Pierre Rene Grondin,  (August 18, 1925 - January 17, 2006) was a Canadian cardiac surgeon who was one of the first doctors to perform a successful heart transplant. He was legendary in his surgical abilities and style and brought many innovations to the Montreal Heart Institute after his post-graduate training with pioneers Michael DeBakey and Denton Cooley in Houston, Texas.  He was one of a select few heart surgeons worldwide who participated in the development of open heart surgery using the heart-lung machine in the early 1960s. He performed the first Canadian heart transplantation at the Montreal Heart Institute in May, 1968 shortly after the first successful heart transplant in the world in December, 1967 in Cape Town, South Africa by Dr. Christiaan Barnard.

Education and career 
Grondin was awarded a Doctor of Medicine degree from the Université Laval in 1951, after which he went on to obtain a specialist’s certificate in cardiac surgery and a fellowship from the American College of Surgeons in San Francisco in 1960. He began his career as a surgeon at the Hôpital Ste-Marie de Trois-Rivières. In 1971, he joined the faculty of medicine of the Université de Montréal as clinical professor.  After nearly 15 years as head of its surgical division, Dr. Pierre Grondin left the Montreal Heart Institute in 1978 to occupy the same position as head of cardiothoracic surgery at St. Francis Hospital in Miami Beach, Florida. He would return to Canada in 1990 to start a cardiac surgery program at the Hotel-Dieu Hospital in Quebec City and in 1995, at the age of 70, retired.

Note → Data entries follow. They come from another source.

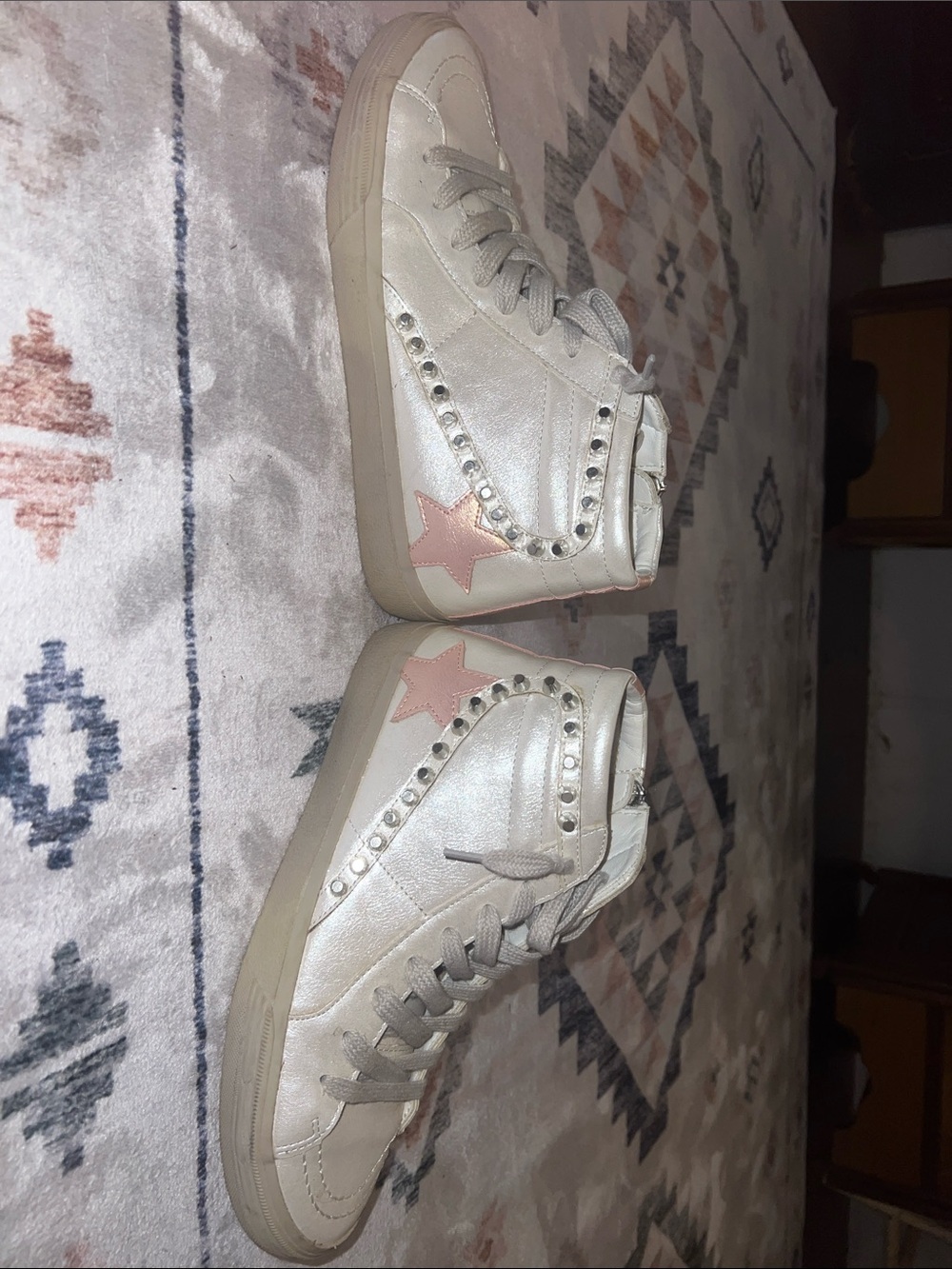 Women’s High-Top Fashion Sneakers in Metallic Cream with Pink Star
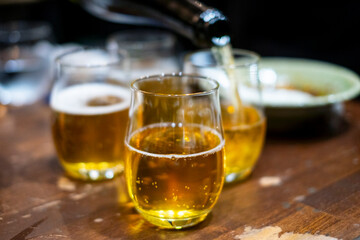 ビールを注ぐ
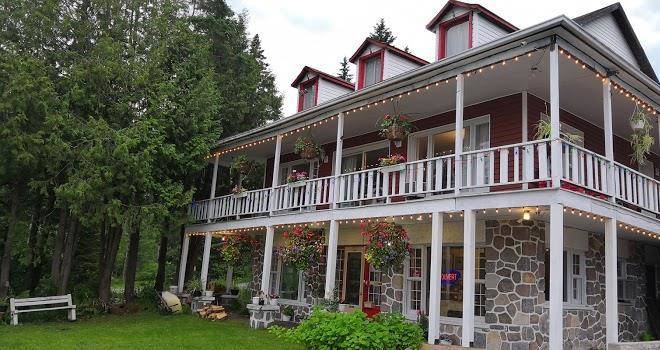 Motel des pays d'en haut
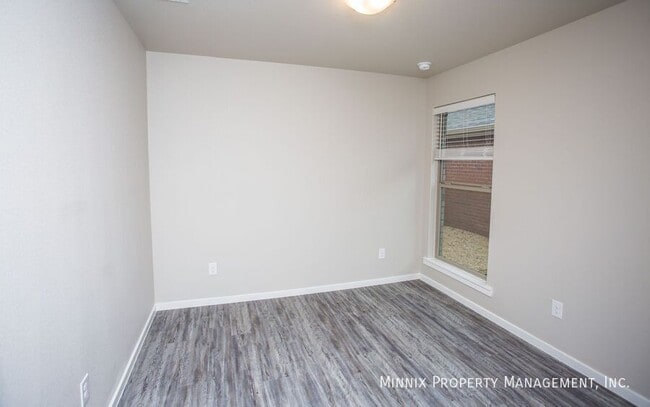 2118 N Avenue J, Lubbock, TX 79403 - photo 7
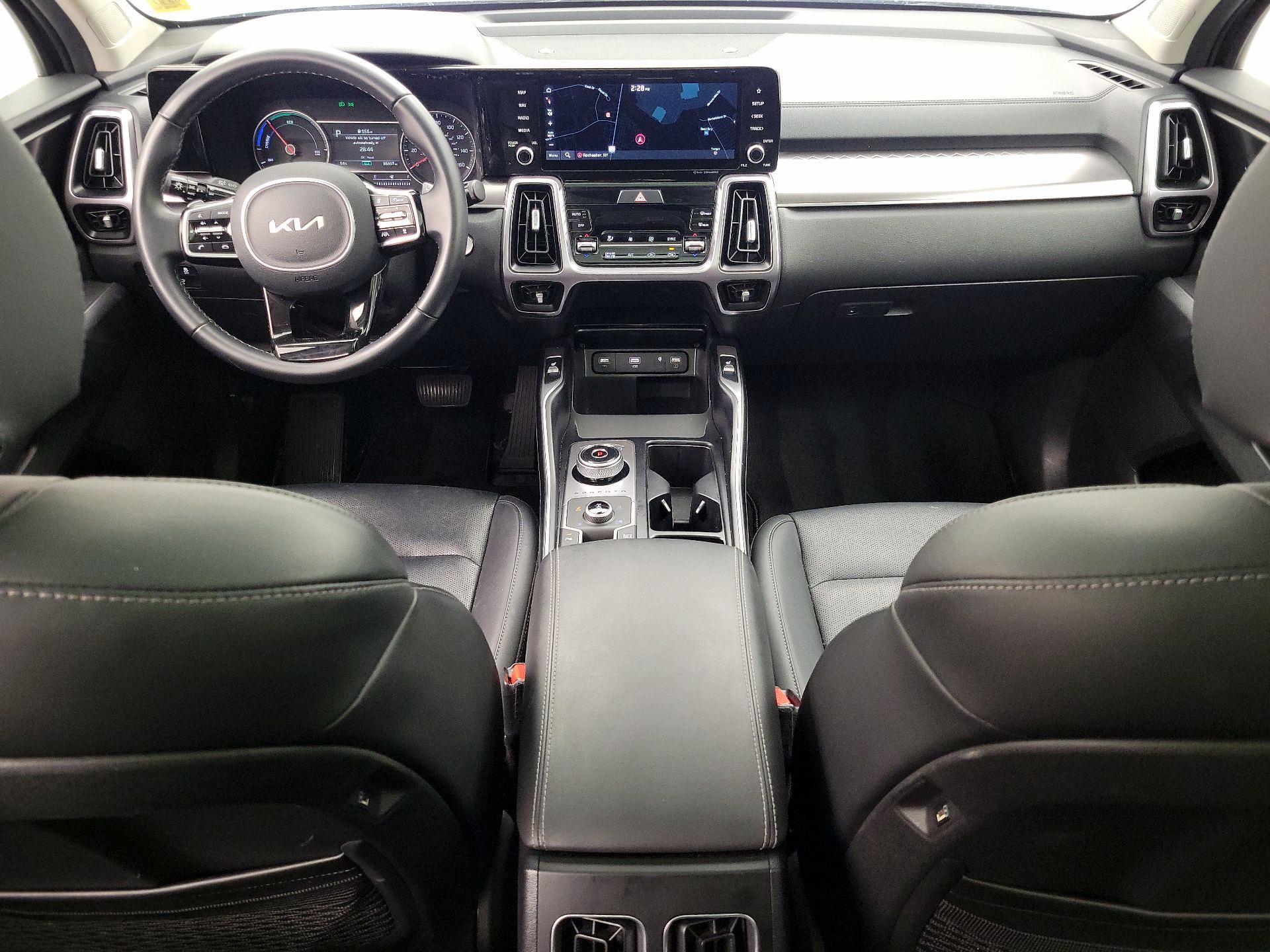 Thumbnail: 2023 Kia Sorento - 9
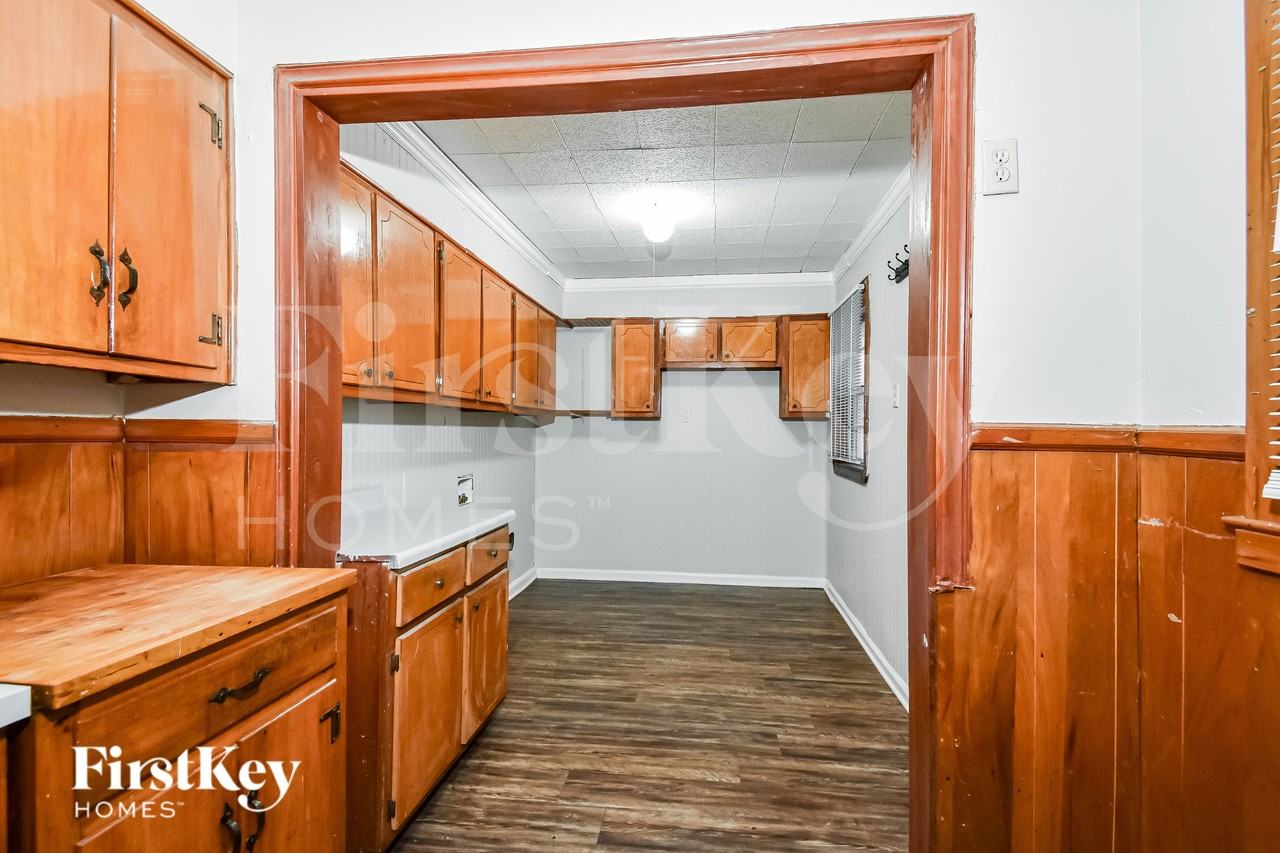 1083 Richland Dr - Photo 6 of 19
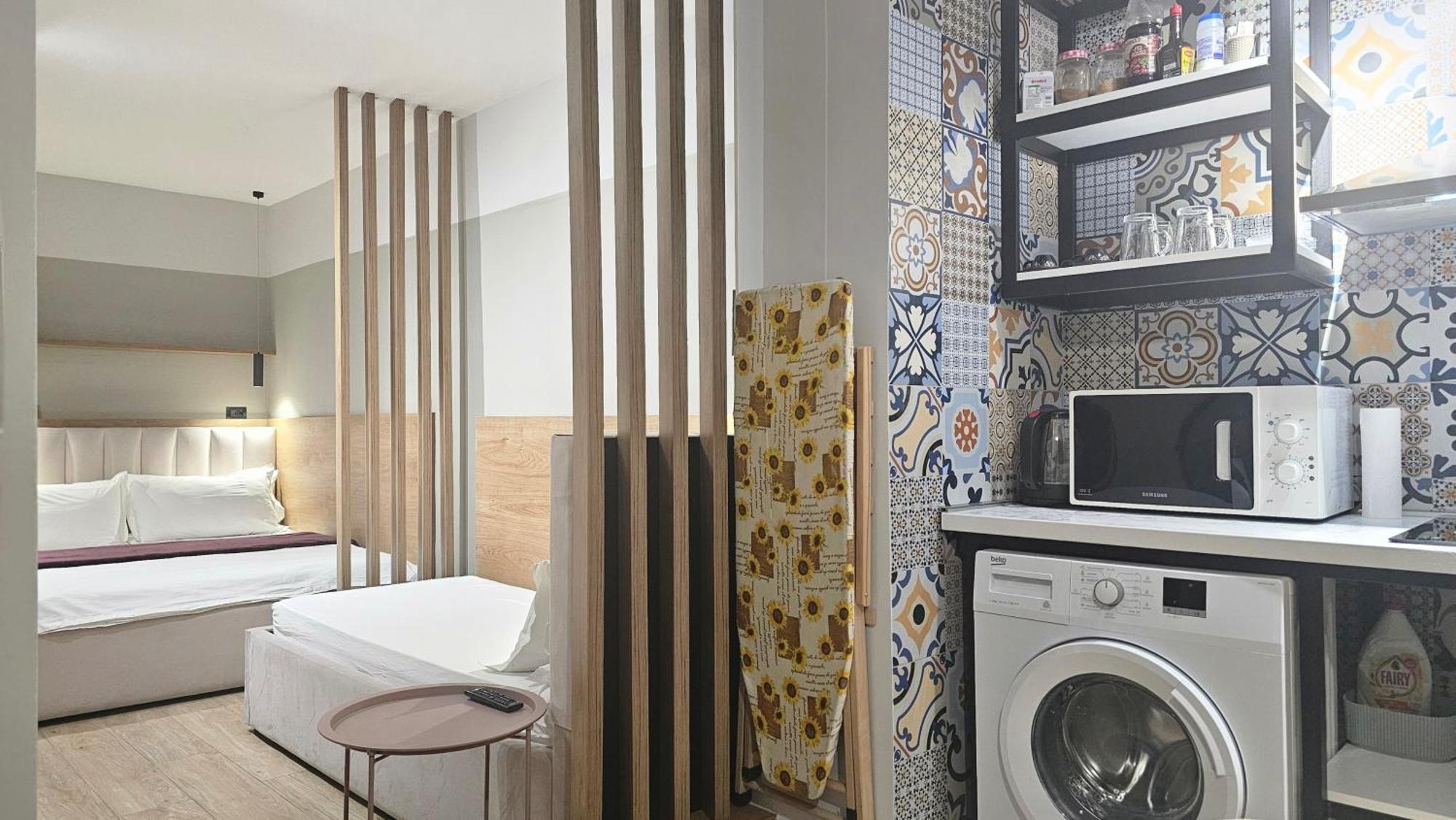 Tam Serviced Studio Apartments Next To Blloku ティラナ エクステリア 写真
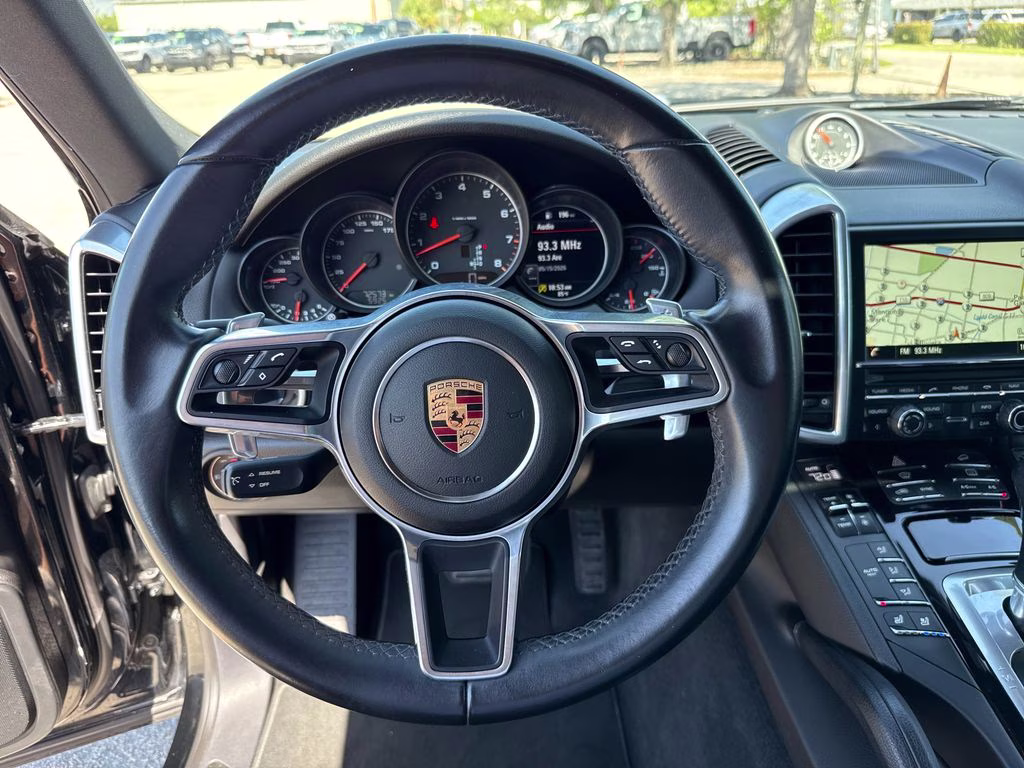 2016 Black Porsche Cayenne Base AWD SUV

Achievements and later life 
Dr. Grondin was one of the pioneers in cardiovascular and thoracic surgery in his locale. In collaboration with other surgeons, he organized the surgery department at the Montreal Heart Institute; he was the department's head from 1963 to 1975. During this time, he was appointed Honorary Professor of the Faculty of Medicine of Santo Domingo. He was also responsible for agreements between the Université de Montréal and its counterparts in Liège and Madrid. In the course of his career, he became the recipient of several prominent awards, including the Prix Lenègre from the Fondation Nativelle in France, and the Order of Canada medal. In May 1968, at the Montreal Heart Institute, he performed the first successful heart transplant in Canada.

To date, over 300 cardiac transplants have been performed at the Montreal Heart Institute (MHI). Through Grondin's leadership, the MHI built a surgical team that is now known worldwide for its expertise in cardiovascular pathology and its commitment to research and teaching.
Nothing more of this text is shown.